*** Opening of Records supplied ***
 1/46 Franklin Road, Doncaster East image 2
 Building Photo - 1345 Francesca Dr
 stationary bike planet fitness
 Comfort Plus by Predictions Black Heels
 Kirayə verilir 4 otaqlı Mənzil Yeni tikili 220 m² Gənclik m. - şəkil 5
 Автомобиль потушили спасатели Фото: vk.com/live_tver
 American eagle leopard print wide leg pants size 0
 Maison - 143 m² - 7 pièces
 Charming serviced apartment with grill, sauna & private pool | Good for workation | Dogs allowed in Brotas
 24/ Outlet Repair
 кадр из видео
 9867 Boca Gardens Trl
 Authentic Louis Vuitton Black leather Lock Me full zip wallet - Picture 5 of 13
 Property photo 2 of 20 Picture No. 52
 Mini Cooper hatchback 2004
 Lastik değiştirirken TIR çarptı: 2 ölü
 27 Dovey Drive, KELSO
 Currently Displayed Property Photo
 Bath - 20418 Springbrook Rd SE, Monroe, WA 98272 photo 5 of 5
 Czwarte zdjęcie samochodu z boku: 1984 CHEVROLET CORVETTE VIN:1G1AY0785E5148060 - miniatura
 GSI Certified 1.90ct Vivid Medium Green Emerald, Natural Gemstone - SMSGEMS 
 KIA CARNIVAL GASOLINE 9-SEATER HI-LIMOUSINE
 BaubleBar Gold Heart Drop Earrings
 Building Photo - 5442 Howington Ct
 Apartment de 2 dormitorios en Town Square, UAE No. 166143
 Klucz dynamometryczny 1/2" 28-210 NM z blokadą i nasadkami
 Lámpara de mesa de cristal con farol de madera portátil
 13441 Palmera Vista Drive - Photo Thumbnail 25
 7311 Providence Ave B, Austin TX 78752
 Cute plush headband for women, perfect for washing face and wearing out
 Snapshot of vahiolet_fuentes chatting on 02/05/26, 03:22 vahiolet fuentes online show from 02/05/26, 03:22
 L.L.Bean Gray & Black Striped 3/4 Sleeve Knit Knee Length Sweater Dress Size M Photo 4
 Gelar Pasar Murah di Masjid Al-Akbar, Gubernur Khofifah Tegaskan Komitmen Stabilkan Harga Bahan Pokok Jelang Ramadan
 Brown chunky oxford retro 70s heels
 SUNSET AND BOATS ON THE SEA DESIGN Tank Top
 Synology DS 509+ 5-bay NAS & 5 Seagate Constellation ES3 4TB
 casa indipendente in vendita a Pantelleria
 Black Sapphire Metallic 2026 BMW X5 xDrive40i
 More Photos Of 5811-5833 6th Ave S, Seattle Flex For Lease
*** Close of Records supplied ***
Exercise
From top to bottom, reproduce the material exactly.

Solution for this task
 1/46 Franklin Road, Doncaster East image 2
 Building Photo - 1345 Francesca Dr
 stationary bike planet fitness
 Comfort Plus by Predictions Black Heels
 Kirayə verilir 4 otaqlı Mənzil Yeni tikili 220 m² Gənclik m. - şəkil 5
 Автомобиль потушили спасатели Фото: vk.com/live_tver
 American eagle leopard print wide leg pants size 0
 Maison - 143 m² - 7 pièces
 Charming serviced apartment with grill, sauna & private pool | Good for workation | Dogs allowed in Brotas
 24/ Outlet Repair
 кадр из видео
 9867 Boca Gardens Trl
 Authentic Louis Vuitton Black leather Lock Me full zip wallet - Picture 5 of 13
 Property photo 2 of 20 Picture No. 52
 Mini Cooper hatchback 2004
 Lastik değiştirirken TIR çarptı: 2 ölü
 27 Dovey Drive, KELSO
 Currently Displayed Property Photo
 Bath - 20418 Springbrook Rd SE, Monroe, WA 98272 photo 5 of 5
 Czwarte zdjęcie samochodu z boku: 1984 CHEVROLET CORVETTE VIN:1G1AY0785E5148060 - miniatura
 GSI Certified 1.90ct Vivid Medium Green Emerald, Natural Gemstone - SMSGEMS 
 KIA CARNIVAL GASOLINE 9-SEATER HI-LIMOUSINE
 BaubleBar Gold Heart Drop Earrings
 Building Photo - 5442 Howington Ct
 Apartment de 2 dormitorios en Town Square, UAE No. 166143
 Klucz dynamometryczny 1/2" 28-210 NM z blokadą i nasadkami
 Lámpara de mesa de cristal con farol de madera portátil
 13441 Palmera Vista Drive - Photo Thumbnail 25
 7311 Providence Ave B, Austin TX 78752
 Cute plush headband for women, perfect for washing face and wearing out
 Snapshot of vahiolet_fuentes chatting on 02/05/26, 03:22 vahiolet fuentes online show from 02/05/26, 03:22
 L.L.Bean Gray & Black Striped 3/4 Sleeve Knit Knee Length Sweater Dress Size M Photo 4
 Gelar Pasar Murah di Masjid Al-Akbar, Gubernur Khofifah Tegaskan Komitmen Stabilkan Harga Bahan Pokok Jelang Ramadan
 Brown chunky oxford retro 70s heels
 SUNSET AND BOATS ON THE SEA DESIGN Tank Top
 Synology DS 509+ 5-bay NAS & 5 Seagate Constellation ES3 4TB
 casa indipendente in vendita a Pantelleria
 Black Sapphire Metallic 2026 BMW X5 xDrive40i
 More Photos Of 5811-5833 6th Ave S, Seattle Flex For Lease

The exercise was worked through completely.